FRESNO – “I think everyone in this room has a story to tell about how this drought is personally affecting us.”
That statement was only one of several attention-grabbing comments made at a drought forum Tuesday inside the Big Fresno Fairgrounds’ Industry Commerce Building.
Seated at the front of the room: A lineup of state officials and directors of the California Department of Food and Agriculture. In the audience: A collection of people with a professional link to agriculture, either as farmers or as members of organizations somehow tied to California’s farm sector.
Plenty of attention has been paid to agriculture in this drought. Few of the state’s mostly urban residents have failed to notice that agriculture uses a much bigger chunk of the state’s water supply than cities do.
Noting that some sharp criticism is being directed at the agricultural sector, CDFA Board President Craig McNamara wrote this on Monday on CDFA’s “Planting Seeds” blog:
“Those holding that point of view may believe that farmers and ranchers consume more than their fair share of water,” McNamara said. “While it’s easy to cast blame, let’s not forget that irrigation wells have gone dry, lifelong investments are dying in the fields and serious financial burdens are hanging overhead.”

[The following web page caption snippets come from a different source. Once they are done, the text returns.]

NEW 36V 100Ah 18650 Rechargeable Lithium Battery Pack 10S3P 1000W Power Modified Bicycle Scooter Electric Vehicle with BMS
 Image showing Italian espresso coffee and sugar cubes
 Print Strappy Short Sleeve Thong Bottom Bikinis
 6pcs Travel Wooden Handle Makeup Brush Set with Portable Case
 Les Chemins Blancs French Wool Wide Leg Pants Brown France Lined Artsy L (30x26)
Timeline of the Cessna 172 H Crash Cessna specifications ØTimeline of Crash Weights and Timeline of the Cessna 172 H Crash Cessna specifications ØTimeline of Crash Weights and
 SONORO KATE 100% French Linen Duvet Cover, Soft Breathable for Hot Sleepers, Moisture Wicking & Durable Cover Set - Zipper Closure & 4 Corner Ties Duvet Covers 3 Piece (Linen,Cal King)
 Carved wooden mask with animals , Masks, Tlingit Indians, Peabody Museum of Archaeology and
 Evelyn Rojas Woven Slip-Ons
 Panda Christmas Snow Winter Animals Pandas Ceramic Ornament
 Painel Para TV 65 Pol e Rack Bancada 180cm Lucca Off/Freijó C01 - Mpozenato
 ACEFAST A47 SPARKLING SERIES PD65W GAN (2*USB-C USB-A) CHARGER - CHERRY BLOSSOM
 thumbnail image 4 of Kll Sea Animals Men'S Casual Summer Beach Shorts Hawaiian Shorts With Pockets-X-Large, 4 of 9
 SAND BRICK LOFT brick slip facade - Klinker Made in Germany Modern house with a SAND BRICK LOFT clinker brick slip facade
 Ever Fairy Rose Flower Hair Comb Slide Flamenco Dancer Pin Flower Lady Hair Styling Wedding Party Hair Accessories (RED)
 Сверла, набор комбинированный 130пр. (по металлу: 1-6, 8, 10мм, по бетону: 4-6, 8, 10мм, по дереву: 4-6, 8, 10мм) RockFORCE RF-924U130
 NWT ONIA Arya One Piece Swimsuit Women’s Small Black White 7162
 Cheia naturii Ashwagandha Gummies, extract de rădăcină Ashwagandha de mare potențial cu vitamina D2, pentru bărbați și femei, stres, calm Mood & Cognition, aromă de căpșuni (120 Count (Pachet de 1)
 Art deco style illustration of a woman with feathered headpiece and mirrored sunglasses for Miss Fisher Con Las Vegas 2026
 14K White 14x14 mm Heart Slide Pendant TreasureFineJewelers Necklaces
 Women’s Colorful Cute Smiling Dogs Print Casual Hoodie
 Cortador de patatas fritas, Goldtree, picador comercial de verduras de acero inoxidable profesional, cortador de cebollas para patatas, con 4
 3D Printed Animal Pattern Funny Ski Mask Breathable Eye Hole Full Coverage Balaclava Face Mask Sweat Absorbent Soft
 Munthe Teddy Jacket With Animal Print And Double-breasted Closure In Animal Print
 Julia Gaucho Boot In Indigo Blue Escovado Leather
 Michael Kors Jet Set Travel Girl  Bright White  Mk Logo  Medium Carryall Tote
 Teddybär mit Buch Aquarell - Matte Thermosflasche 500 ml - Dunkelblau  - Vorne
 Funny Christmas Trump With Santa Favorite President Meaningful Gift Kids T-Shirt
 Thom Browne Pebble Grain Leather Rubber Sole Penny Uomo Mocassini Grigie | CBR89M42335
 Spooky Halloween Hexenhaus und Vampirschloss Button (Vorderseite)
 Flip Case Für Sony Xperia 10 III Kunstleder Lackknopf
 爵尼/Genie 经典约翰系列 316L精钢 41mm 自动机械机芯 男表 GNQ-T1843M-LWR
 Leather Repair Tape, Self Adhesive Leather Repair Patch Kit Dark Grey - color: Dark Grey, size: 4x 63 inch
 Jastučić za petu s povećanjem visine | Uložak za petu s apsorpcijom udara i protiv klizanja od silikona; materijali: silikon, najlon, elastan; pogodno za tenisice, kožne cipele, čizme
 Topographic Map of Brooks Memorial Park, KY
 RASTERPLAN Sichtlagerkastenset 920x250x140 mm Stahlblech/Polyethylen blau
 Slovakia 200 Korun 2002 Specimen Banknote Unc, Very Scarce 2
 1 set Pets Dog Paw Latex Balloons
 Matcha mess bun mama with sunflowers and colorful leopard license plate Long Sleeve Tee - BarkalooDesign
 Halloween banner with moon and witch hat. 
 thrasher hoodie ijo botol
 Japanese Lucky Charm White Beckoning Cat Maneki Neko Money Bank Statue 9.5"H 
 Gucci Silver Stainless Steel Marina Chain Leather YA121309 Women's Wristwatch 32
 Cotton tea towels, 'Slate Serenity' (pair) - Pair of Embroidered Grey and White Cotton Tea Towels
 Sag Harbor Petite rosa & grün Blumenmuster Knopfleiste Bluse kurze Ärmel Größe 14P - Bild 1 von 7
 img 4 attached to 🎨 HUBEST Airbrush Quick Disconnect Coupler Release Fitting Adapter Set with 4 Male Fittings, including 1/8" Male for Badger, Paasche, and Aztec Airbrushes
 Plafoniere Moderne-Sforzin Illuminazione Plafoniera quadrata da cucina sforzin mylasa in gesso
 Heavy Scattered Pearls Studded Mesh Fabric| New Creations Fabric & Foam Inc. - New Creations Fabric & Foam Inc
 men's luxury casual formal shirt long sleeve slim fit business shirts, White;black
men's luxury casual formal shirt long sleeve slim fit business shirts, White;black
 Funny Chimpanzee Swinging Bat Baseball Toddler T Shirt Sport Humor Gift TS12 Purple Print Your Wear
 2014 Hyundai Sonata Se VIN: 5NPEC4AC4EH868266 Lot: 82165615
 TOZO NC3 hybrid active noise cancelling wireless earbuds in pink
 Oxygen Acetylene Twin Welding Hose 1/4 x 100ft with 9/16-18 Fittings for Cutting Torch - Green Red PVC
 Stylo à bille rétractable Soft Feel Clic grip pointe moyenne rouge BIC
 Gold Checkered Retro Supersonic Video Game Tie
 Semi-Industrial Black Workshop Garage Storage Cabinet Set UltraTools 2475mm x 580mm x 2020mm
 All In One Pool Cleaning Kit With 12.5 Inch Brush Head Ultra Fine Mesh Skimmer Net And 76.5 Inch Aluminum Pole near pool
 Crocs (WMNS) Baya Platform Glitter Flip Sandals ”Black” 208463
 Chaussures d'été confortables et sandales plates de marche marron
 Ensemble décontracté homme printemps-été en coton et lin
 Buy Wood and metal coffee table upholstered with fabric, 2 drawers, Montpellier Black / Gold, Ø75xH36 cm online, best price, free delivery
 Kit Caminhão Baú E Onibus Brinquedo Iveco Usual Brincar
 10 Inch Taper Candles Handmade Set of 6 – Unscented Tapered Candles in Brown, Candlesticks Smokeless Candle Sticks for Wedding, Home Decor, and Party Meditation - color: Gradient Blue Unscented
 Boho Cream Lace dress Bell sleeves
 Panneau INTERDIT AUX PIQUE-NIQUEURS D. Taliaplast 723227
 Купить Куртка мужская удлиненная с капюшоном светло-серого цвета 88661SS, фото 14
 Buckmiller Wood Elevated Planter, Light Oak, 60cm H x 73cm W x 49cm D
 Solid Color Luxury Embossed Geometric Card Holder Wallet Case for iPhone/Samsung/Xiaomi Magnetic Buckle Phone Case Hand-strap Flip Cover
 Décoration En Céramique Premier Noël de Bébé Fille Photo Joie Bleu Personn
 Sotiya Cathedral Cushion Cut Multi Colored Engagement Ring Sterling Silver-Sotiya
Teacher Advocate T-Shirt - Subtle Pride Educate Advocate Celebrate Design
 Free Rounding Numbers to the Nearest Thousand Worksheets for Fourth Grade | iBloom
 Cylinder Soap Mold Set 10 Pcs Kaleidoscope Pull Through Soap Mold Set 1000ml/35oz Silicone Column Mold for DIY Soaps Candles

Kings River lemon grower Keith Freitas was the first to step up to the podium and comment. Freitas quickly cut to the chase, asking if state officials intend to go after Kings River water.
That’s a live electric wire in Kings County, where jobs, acreage and livelihoods depend on the river.
Last year, state officials issued thousands of “curtailment notices” ordering junior water rights holders on the Sacramento and San Joaquin rivers to stop diverting water.
Those junior rights were all established after 1914, when the state started to comprehensively regulate water rights.
According to Watermaster Steve Haugen at the Kings River Water Association, Kings River water rights are considered “senior” because they were established before 1914.
Senior rights take precedence during droughts and are considered by many to be legally untouchable.
Still, regulators are hinting that they may take the unprecedented step of ordering cutbacks to senior water rights holders on the Sacramento and the San Joaquin.
The main reason they’re bypassing the Kings is that it doesn’t drain into the Delta. If left to its natural devices, the Kings would fill up the old Tulare Lake bed near Corcoran.
The San Joaquin River and Sacramento River, however, drain into San Francisco Bay.
Officials say they have to maintain freshwater flows into the bay for two reasons.
One is to prevent tidal saltwater from backing up to the giant pumps upstream that suck out water for urban and agricultural use south of the Sacramento-San Joaquin River delta. If the saltwater got slurped up, it would foul the water supply for millions of people and could harm crops.
The other big motivation? To provide flows for endangered fish species, including delta smelt and chinook salmon.
All of which doesn’t, however, keep farmers on the Kings from getting nervous.
When Freitas asked officials point-blank if they had any authority over the river, Office of Emergency Services Director Mark Ghilarducci responded by saying that the Kings falls under the jurisdiction of the U.S. Bureau of Reclamation.
Ted Miller, who lives a few miles from the Kings County line near Caruthers, talked about how fast the water is dropping in his new, 400-feet-deep residential well, which he said is close to several agricultural wells that go deeper.
“I’m not a farmer, [but] I live in farm country,” Miller said.
Miller said his well dropped 10 feet from January 2014 to May 2015.
“That is a shocking statistic,” he said. “It’s dropping eight feet a year.”
Miller said that two feet a year was the average annual drop from 1940 to 2010. After that, he said the annual decline started to accelerate.
Officials emphasized the need for action to lessen the drought’s harmful impacts. They reiterated Gov. Jerry Brown’s April executive order requiring an across-the-board 25 percent reduction in the state’s water use by February 2016.
That includes cutbacks of 28 percent for Hanford, 32 percent for Lemoore and 36 percent for Corcoran.
Ghilarducci hinted that further cuts may be in the works if it doesn’t look like people are saving enough to meet the targets.
“We’re evaluating each and every day,” he said. “We’re hoping the measures we put in place, people will heed … and the culture will change.”